Per festeggiare è stato presentato FAQ/Le Dictateur 5, curato da Maurizio Cattelan e da Myriam Ben Salah. Questa settimana, Credenza, una capsule collection che fonde il design contemporaneo di Patricia Urquiola con l’arte grafica di Federico Pepe, entra a far parte della Collezione Spazio Pontaccio ed è presentata per la prima volta. Il regno del dolce Dittatore è ancora una volta in espansione.
Quanto le tue origini, nei dintorni di Omegna, hanno influenzato percorsi, approcci e processi?

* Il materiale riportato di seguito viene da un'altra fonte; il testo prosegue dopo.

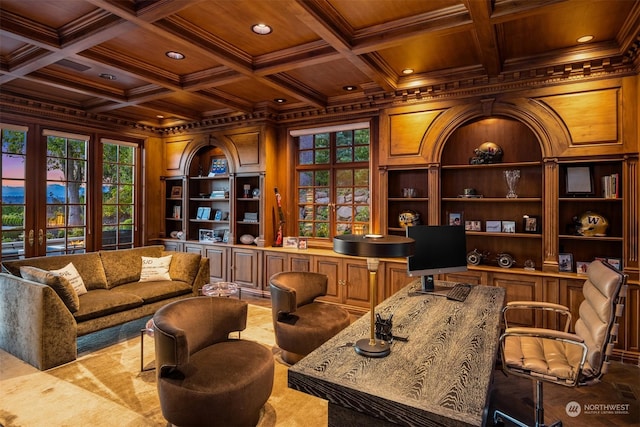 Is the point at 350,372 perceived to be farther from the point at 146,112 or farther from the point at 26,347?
the point at 146,112

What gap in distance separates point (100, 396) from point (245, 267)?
2.95m

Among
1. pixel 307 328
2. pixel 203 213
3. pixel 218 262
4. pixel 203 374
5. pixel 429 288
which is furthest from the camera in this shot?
pixel 203 213

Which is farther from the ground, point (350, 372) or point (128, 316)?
point (350, 372)

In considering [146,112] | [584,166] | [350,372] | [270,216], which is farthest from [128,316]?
[584,166]

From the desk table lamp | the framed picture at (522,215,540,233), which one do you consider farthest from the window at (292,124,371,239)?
the desk table lamp

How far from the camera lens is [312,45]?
3283 millimetres

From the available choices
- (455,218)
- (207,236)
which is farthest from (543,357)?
(207,236)

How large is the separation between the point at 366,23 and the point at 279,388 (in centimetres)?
293

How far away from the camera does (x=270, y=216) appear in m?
5.40

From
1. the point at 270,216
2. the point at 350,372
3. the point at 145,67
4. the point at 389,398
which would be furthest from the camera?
the point at 270,216

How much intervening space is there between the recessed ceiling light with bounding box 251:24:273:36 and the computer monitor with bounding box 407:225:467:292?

Il fatto di essere cresciuto in un paesino di montagna, quasi completamente isolato dal mondo, ha portato, appena è arrivata l’età legale per farlo, diciotto anni, a spingere la mia curiosità altrove. Anche se oggi torno con piacere in quella che considero da sempre la mia casa, ho dovuto necessariamente andare via. La mia infanzia tra prati, boschi e libertà ha formato l’attitudine al desiderio di conoscere, dato che eravamo sempre pronti a inventare e a modificare un mondo fatto di sola natura.
Ma credo che la mia capacità inventiva, il primo approccio al colore e alla forma siano nati nello studio di mio padre: era sempre assente, perché sempre al lavoro a Milano, come grafico pubblicitario in Armando Testa, e io mi divertivo a usare tutti i suoi materiali, che provavo in ordine sparso. Oggi in agenzia si utilizzano software al posto di carte, tele, pennelli e colori, mentre per svolgere il suo ruolo bisognava essere molto bravi a disegnare e a dipingere.
Chi sono i tuoi maestri?
Non ho mai seguito grandi maestri o grandi figure-guida, mi sono, piuttosto sempre innamorato delle singole idee, dei processi, degli oggetti o delle composizioni che ho incontrato. Apprezzo i dettagli delle individualità, ma non sempre ne seguo i percorsi per intero. Non ho mai davvero avuto punti di riferimento ideali, fissi.
Come si è sviluppato nel tempo il tuo dialogo con Patricia Urquiola?
Ho incontrato Patricia tra il 2012 e il 2013, grazie a PierPaolo Ferrari, co-fondatore di Le Dictateur. Attraverso la grafica delle pagine di Le Dictateur, lei ha cominciato a interessarsi al mio lavoro e abbiamo iniziato a lavorare a un primissimo progetto di It’s time to make book. Il primo impatto con lei è stato molto faticoso. È un fiume in piena di idee, strabordante di pensieri, intuizioni: è una figura totale e totalizzante, una grande incubatrice di energia. Io le proposi un progetto editoriale preciso, rigoroso ma forse non troppo elastico, e la nostra prima idea di collaborazione sfumò. In quel momento serviva qualcuno che sapesse come interagire con lei su una precisa idea.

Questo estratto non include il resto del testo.